**DATA IN THIS EXERCISE**
-------
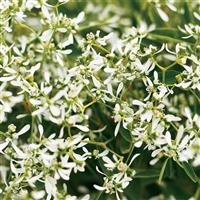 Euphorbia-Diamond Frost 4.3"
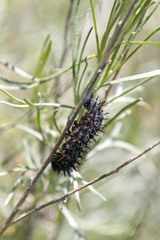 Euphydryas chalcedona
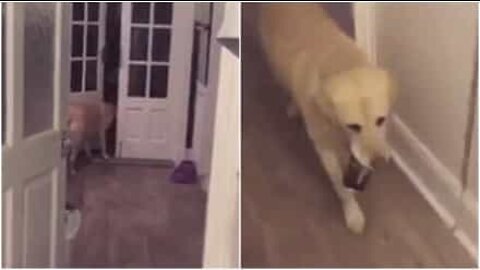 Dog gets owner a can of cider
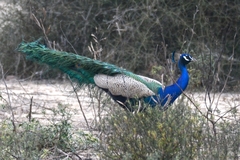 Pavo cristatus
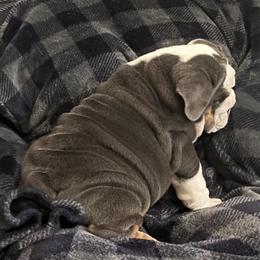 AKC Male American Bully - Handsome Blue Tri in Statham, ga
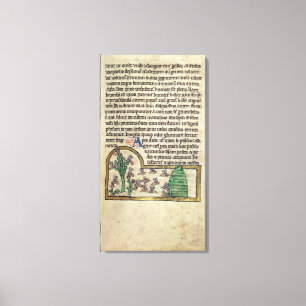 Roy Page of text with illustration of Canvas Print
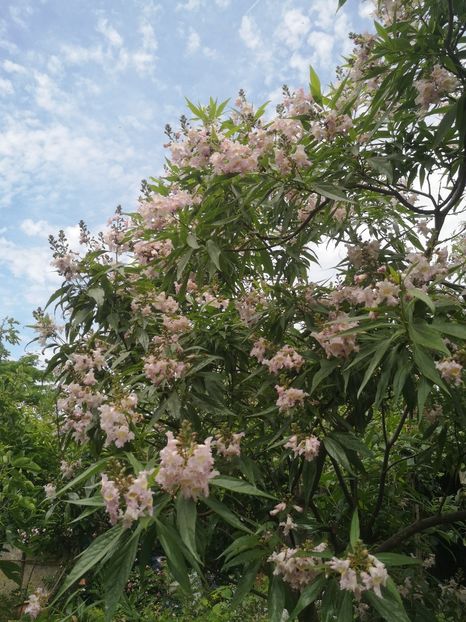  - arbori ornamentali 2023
-------
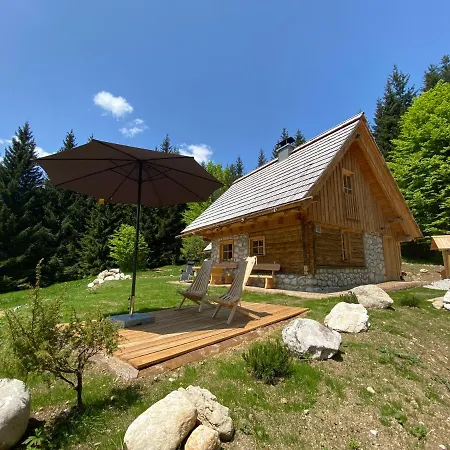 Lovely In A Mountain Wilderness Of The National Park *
-------
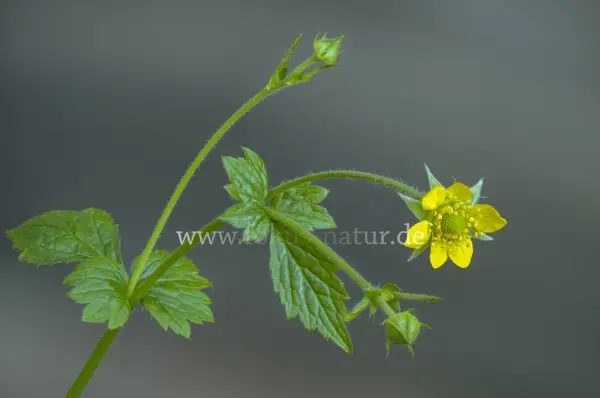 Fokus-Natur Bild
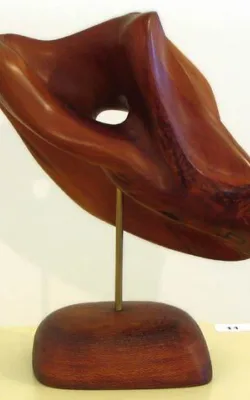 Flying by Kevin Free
-------
**ACTIVITY**
Please return the material above only from the line that holds "Dog gets owner a can of cider" through the line that holds "- arbori ornamentali 2023", exactly as it stands, ends included and pictures omitted.

**REPLY**
 Dog gets owner a can of cider
 Pavo cristatus
 AKC Male American Bully - Handsome Blue Tri in Statham, ga
 Roy Page of text with illustration of Canvas Print
  - arbori ornamentali 2023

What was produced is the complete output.